Lembranças

Novembro, mês do AI-5

O passar do tempo faz com que os episódios vividos sejam apreciados com outra perspectiva, mais próxima da análise reflexiva, mais distante das paixões momentâneas. No final da década de 1960, depois da decretado o AI-5, em novembro de 1968, o panorama político mudou de quase festivo para espantoso, e depois para funesto, com mortes desnecessárias. Estou falando do ponto de vista de estudante universitário recém-saído do colegial, vivenciando uma ebulição pessoal sem precedentes. Anos depois conversando com um colega jornalista falei dessa sensação e ele, na época que eu situei acima, diretor de um dos maiores jornais do país, disse para minha surpresa que teve sentimento parecido. Havia um turbilhão de informações e acontecimentos emergindo de todos os quadrantes e atingindo a todos sem distinção de classe, cor ou credo. Na verdade nem todos se sentiram incomodados, a maioria silenciosa estava enchendo a burra com o dinheiro emprestado por Delfim Neto, arquiteto do “milagre brasileiro”.

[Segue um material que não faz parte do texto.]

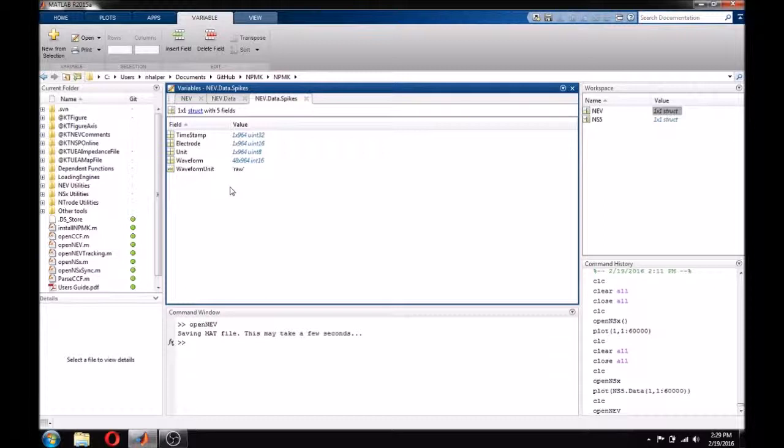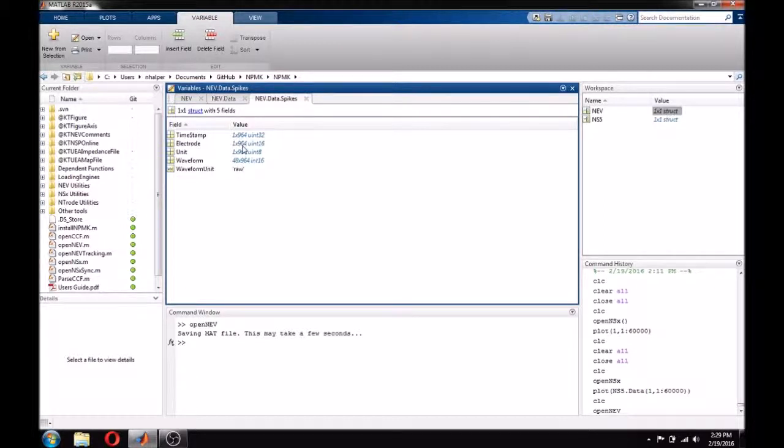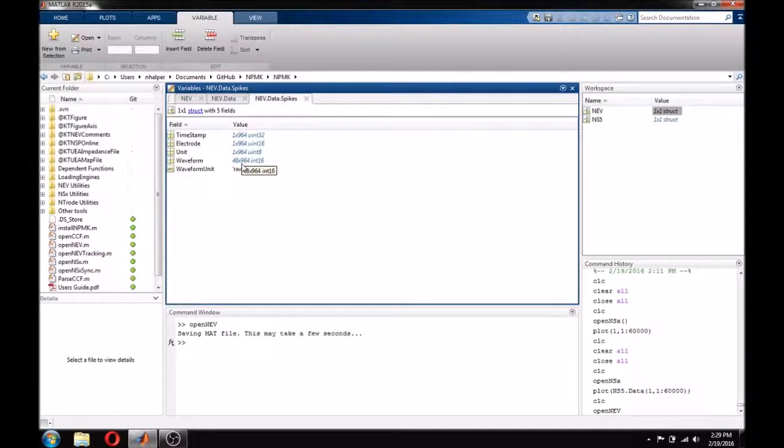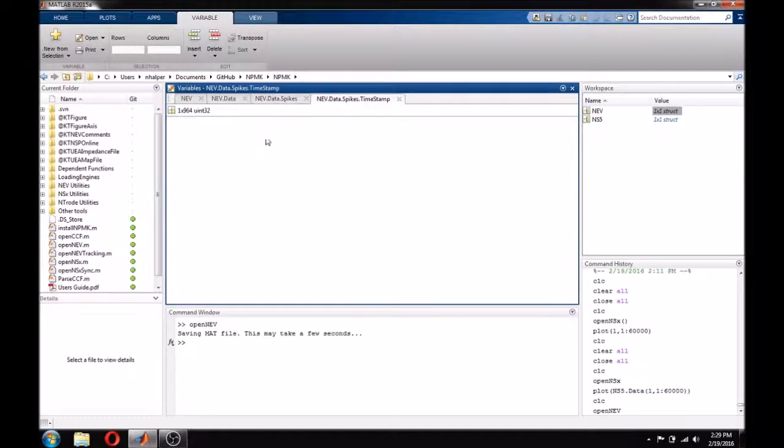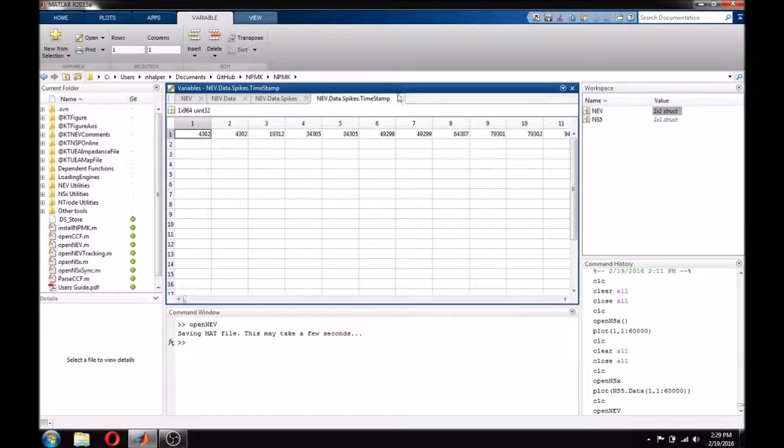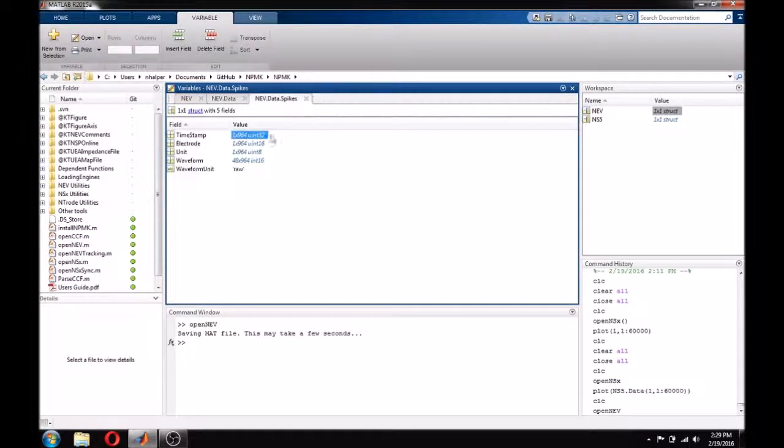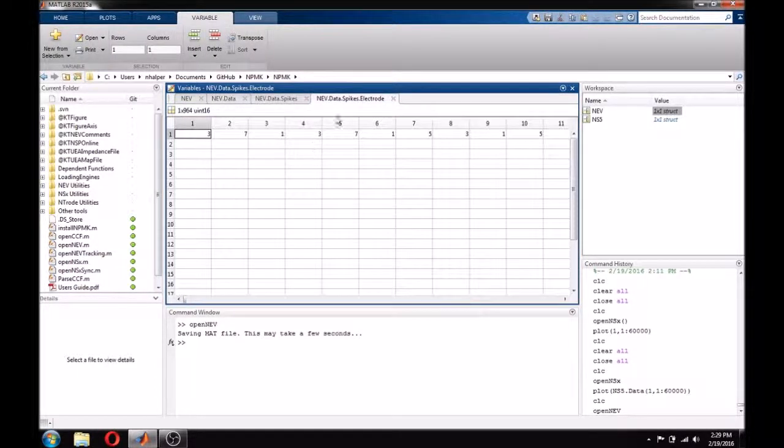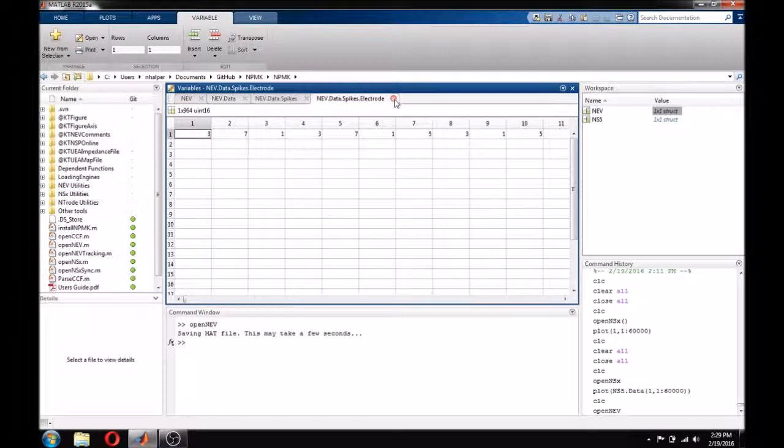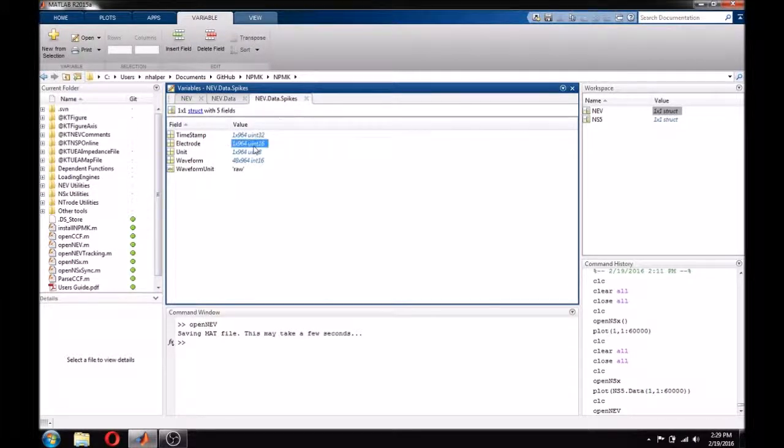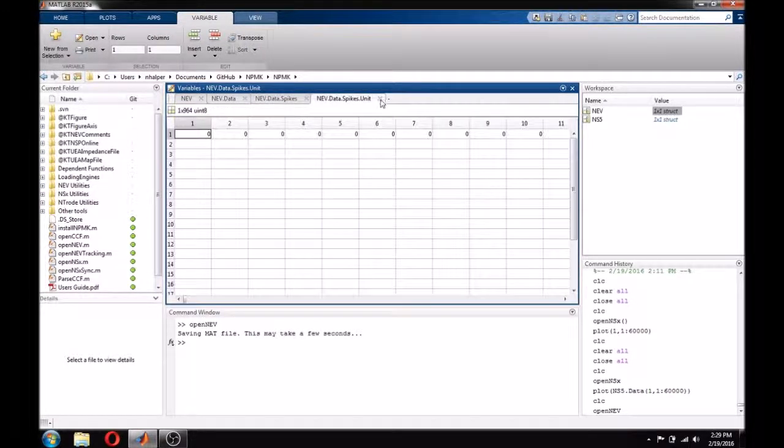Thus, the first entry in the timestamp field is associated with the first entry in the electrode field, unit field, and the first column of the waveform field. For example, I can see that our first spike happened at timestamp 4302 on our 30k sample clock, it happened on electrode 3, and I can see the waveform values by looking here.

No dia em que Carlos Lamarca abateu um segurança na Rua Piratininga, em São Paulo, em ação de expropriação, isto é, em assalto a banco, eu estava estudando na casa de um amigo. Logo chegou um colega da Economia cantando o feito. Estava entusiasmado, era simpatizante da luta armada. Falou da precisão do tiro que matou o guarda, tiro de pistola, tiro difícil, disparado do outro lado da rua com precisão cirúrgica, bem na fronte. Deve ser levado em conta que a Rua Piratininga é mais larga do que o normal das ruas de São Paulo. Sobre o guarda pouco foi dito, era um pobre diabo que tomava trem e dois ônibus para trabalhar. Deixou mulher e dois filhos. O colega da economia depois de estudar no exterior chegou ao poder, foi secretário de estado duas vezes, não sei o que ele pensa hoje da luta armada. Naquele tempo eu preferia calar, sempre fui contra a violência, principalmente contra a violência burra. Se você não pode vencer uma luta, então não lute, dizia o mestre Shao-Lin ao gafanhoto. Espere o momento certo e então corte a garganta do oponente.
Na sala em que estávamos estudando um homem lia jornal e prestava atenção ao que era dito, sem interferir. Era tio do colega anfitrião, ex-professor de História da Academia Militar das Agulhas Negras. Coronel recém-reformado do Exército estava ultimando os preparativos para se mudar para o Canadá. Quando eu me preparava para ir embora ele fez questão de me acompanhar até a porta e disse ter sido professor de Lamarca. Disse também que na turma do “traidor” (palavra dele) havia pelo menos vinte que atiravam melhor e cento e cinqüenta equivalentes. Eles haveriam de se encontrar um dia. Eu continuei calado, naquele tempo o trânsito era tranqüilo em São Paulo, dirigi para casa pensando na família do guarda morto. Para quê? Para nada. Aquela guerra jamais seria vencida.